In casa, oltre al corpo, i carabinieri hanno trovato droga. Dalle testimonianze raccolte, pare che la sera prima i due – forse in compagnia anche di una ragazza – avessero fatto uso di sostanze. Poi, mentre lei avrebbe deciso di passare la notte altrove, loro avrebbero dormito lì, in quell’alloggio segnato dal tempo e dall’abbandono. Ma per uno dei due, quella notte è stata l’ultima.
Quello di via Papa Giovanni XXIII non è un edificio qualsiasi. È un simbolo – sempre più sfocato – di un’idea di edilizia popolare che avrebbe dovuto garantire dignità, servizi, protezione. Invece, negli anni, questo quadrante di Bellavista è diventato sinonimo di degrado. Una zona grigia dove regole e controlli sembrano valere meno. Un luogo dove, per sopravvivere, si spalancano cantine, si scardinano nottolini, si riciclano mobili abbandonati, si accettano le chiavi di casa come pegno di un favore o di un’assenza.
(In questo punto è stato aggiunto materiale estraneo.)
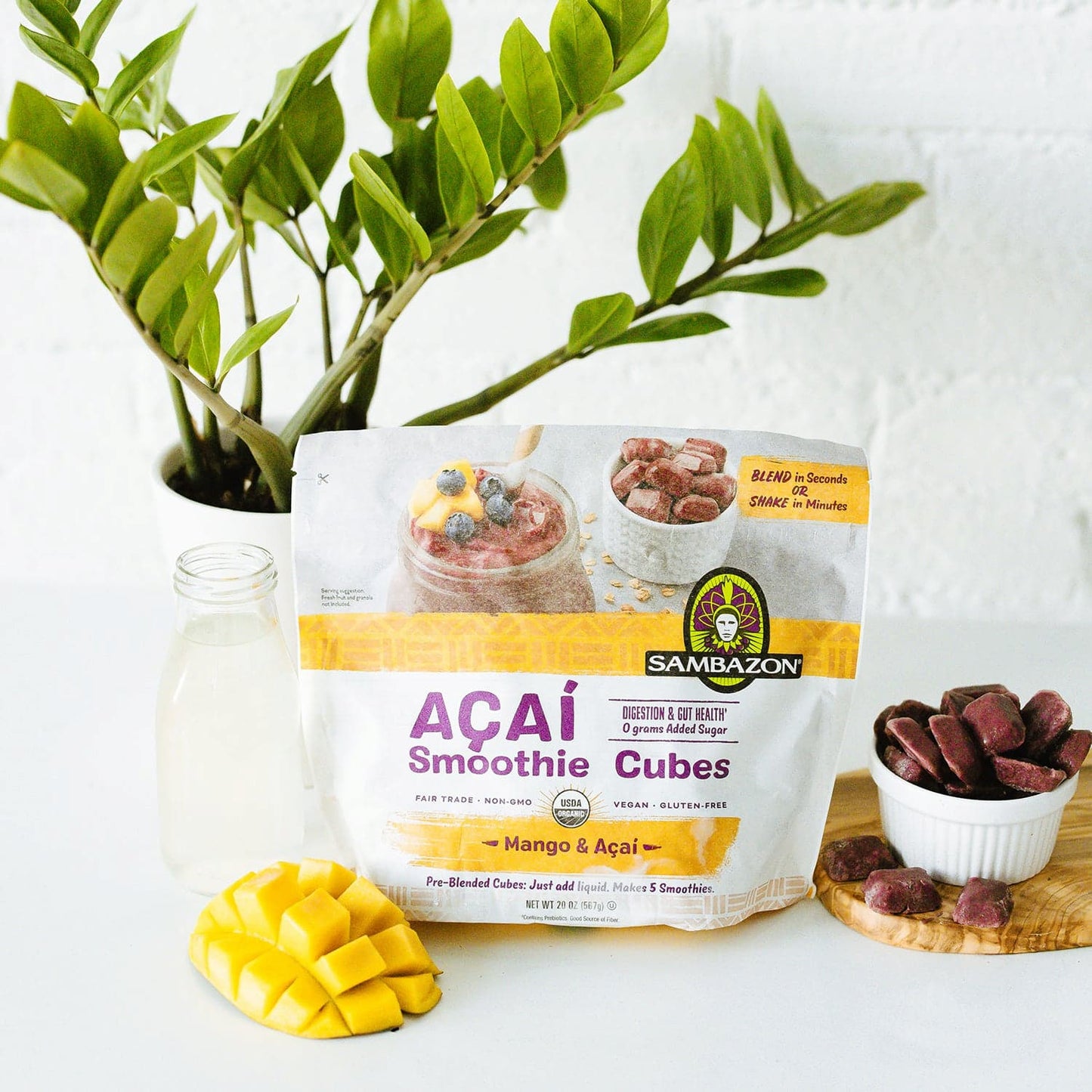 Mango & Açaí Frozen Smoothie Cubes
L’appartamento teatro della tragedia era già stato al centro delle cronache. Qualche tempo fa il suo assegnatario – lo stesso uomo oggi irreperibile – era finito sotto inchiesta per spaccio di droga. All’epoca, pur essendo ai domiciliari, proseguiva la sua attività illecita direttamente da casa. Durante una perquisizione, i carabinieri gli avevano trovato oltre 30mila euro in contanti. Dopo l’arresto e il trasferimento in carcere, la casa era rimasta vuota. Vuota, ma non disabitata. Perché in assenza di controlli sistematici, ogni alloggio non presidiato diventa preda facile di passaggi, occupazioni, intrusioni temporanee.
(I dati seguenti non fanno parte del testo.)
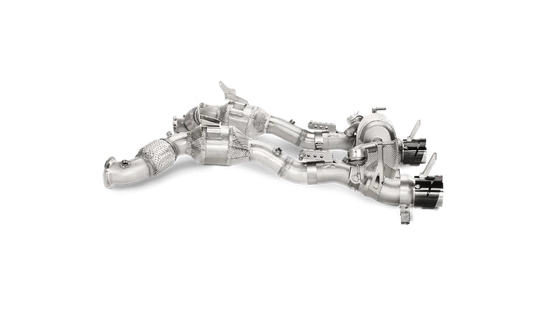 Ferrari 488 GTB / 488 Spider  | Link Pipe Set w/ Cat (SS) image 1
I residenti della zona raccontano di un andirivieni continuo, giorno e notte. Gente sconosciuta, visi nuovi, movimenti sospetti, occupazioni non autorizzate di spazi comuni, liti, rumori, rifiuti. Qualcuno ammette di aver già dovuto "sloggiare" personalmente occupanti abusivi dalle cantine. Altri preferiscono non esporsi, per timore o per stanchezza. Il clima, da tempo, è quello di un quartiere lasciato a se stesso.
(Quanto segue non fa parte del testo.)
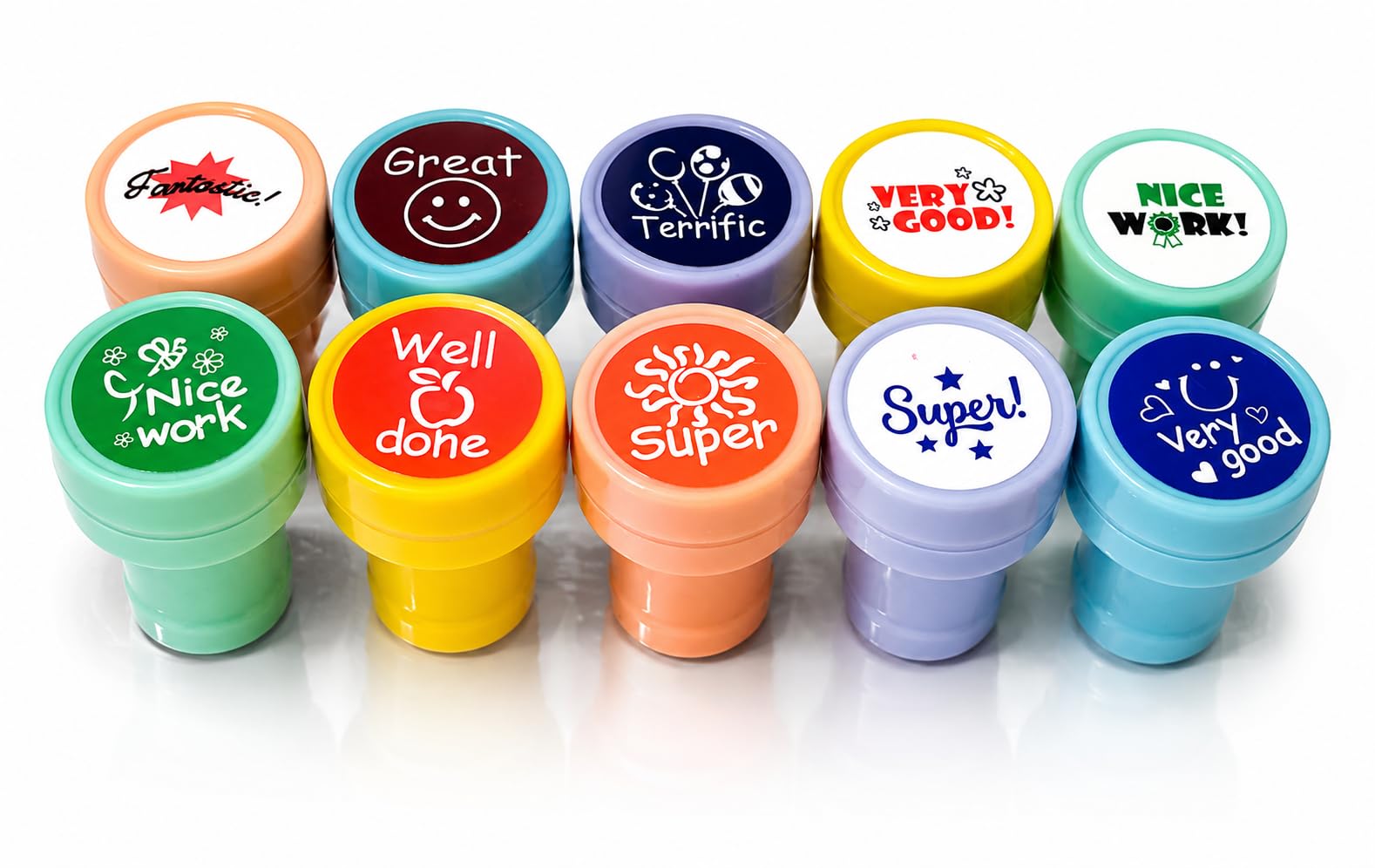 10 Self-Inking Reward Stamp Set for Kids & Students | Motivational Classroom Stamps, Homework & School Rewards, Positive Reinforcement, Achievement Recognition-image-7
Non si tratta solo di criminalità, ma di abbandono strutturale. Le criticità partono dall’alto – nella gestione degli alloggi, nella manutenzione, nella vigilanza – e si scaricano su chi lì ci vive ogni giorno. A fine maggio, l’associazione Bellavista Viva aveva segnalato ancora una volta lo stato di degrado in cui versano i civici 72, 74 e 76 di via Papa Giovanni XXIII. Una denuncia lucida, che parlava di strutture fatiscenti, incuria amministrativa, mancanza di attenzione da parte delle istituzioni.
Una delle poche risposte concrete era stata la rimozione, da parte della polizia, dell’auto dell’assegnatario dell’alloggio, abbandonata da mesi sotto casa. Ma l’auto era solo l’esterno. Dentro, le cose continuavano a peggiorare. L’assenza di controlli prolungata nel tempo ha favorito l’instaurarsi di una zona franca. Ed è in quel vuoto che hanno trovato spazio lo spaccio, l’uso di sostanze, la disperazione.
Ora si conta una vittima. Un’altra. Un volto senza nome per molti. Un trentenne la cui morte, se confermata l’ipotesi dell’overdose, aprirà un nuovo filone investigativo: quello sulla provenienza delle sostanze, sui canali di approvvigionamento, sui soggetti che potrebbero avergliele cedute. Perché se una dose uccide, chi la consegna è corresponsabile. E potrebbe essere chiamato a rispondere di morte come conseguenza di altro reato.
Nel frattempo, Bellavista continua a fare i conti con la realtà. Una realtà in cui gli alloggi popolari, da soluzione al disagio abitativo, si trasformano in luoghi dove la marginalità si consuma giorno dopo giorno, dove si muore nel silenzio, dove anche una chiave di casa può diventare il lasciapassare per un destino segnato.